Sebagai kubu yang dinyatakan kalah oleh KPU, kubu Prabowo - Hatta terus menuding telah terjadi kecurangan secara terstruktur, sistematis dan masif dalam pilpres sehingga mereka meminta kepada MK untuk mengulang pelaksanaan pemilu.
Tim Pemenangan Prabowo - Hatta , Ali Mochtar Ngabalin , menjadi salah seorang yang paling depan menyuarakan aspirasinya demi memenangkan Prabowo - Hatta .
"Ganti-ganti semua ini, komisioner KPU bahwa pemilu harus ulang. Makanya saya bawa saksi dari kampung," kata Ali dalam acara diskusi 'Potensi Perpecahan Anak Negeri Pada Pilpres 2014 dan Solusinya' di Hotel Le Meridien, Jakarta, Senin (18/8).
Ali menambahkan, apabila MK tidak memenuhi permintaan pemilu ulang, maka Indonesia akan berpotensi kericuhan.
"Supaya tidak ada perpecahan di dalam negeri, harus batalkan itu pemilu. Kalau tidak kurangi 21 juta suara, biarkan tahu siapa yang menang pemilu. Prabowo Subianto!" teriaknya.

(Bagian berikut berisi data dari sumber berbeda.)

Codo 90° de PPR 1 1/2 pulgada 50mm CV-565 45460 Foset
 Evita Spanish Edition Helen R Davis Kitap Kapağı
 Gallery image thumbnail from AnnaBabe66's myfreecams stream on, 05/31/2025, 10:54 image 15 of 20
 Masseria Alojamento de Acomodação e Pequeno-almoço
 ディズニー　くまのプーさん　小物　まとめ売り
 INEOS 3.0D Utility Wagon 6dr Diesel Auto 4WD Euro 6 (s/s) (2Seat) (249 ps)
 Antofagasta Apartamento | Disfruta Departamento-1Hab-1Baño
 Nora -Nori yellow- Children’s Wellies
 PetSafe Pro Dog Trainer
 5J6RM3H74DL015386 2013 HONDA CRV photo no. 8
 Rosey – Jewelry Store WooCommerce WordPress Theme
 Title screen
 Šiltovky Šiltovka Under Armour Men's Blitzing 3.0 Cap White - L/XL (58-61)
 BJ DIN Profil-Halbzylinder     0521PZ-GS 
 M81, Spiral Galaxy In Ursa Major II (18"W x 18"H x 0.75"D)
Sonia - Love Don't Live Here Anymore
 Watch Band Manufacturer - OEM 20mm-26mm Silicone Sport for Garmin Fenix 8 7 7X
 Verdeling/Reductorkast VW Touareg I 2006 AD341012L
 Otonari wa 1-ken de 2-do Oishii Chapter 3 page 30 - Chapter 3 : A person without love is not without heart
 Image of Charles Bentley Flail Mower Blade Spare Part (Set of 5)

Selain Ngabalin, suara lantang untuk membatalkan hasil pilpres datang dari saksi ahli pihak pemohon, Margarito. Dia mengatakan penggunaan daftar pemilih khusus tambahan (DPKTb) dalam Pilpres 9 Juli lalu bermasalah. Dia menilai penggunaan DPKTb melanggar undang-undang.
"DPKTb itu tidak sah karena tidak diatur dalam undang-undang. Kalau memang itu jalan keluarnya? Maka tak perlu ada DPT," kata Margarito dalam kesaksiannya di sidang ruang pleno Gedung MK , Jakarta, Jumat (15/8).
Menurut Margarito, penggunaan DPKTb, daftar pemilih tambahan (DPTb) dan daftar pemilih khusus (DPK) yang dilakukan KPU bertentangan dengan aturan konstitusi. "Kalau begitu berarti asal orang itu WNI bisa memilih, padahal banyak sekali orang yang punya KTP lebih dari dua, dan karena itulah saya berpendapat bahwa DPKTb adalah bertentangan dan merupakan pelanggaran konstitusi," beber Margarito.
"Kesimpulannya, penggunaan DPKTb tidak sah dan pendelegasian dalam menyalurkan suara adalah juga tidak sah," paparnya.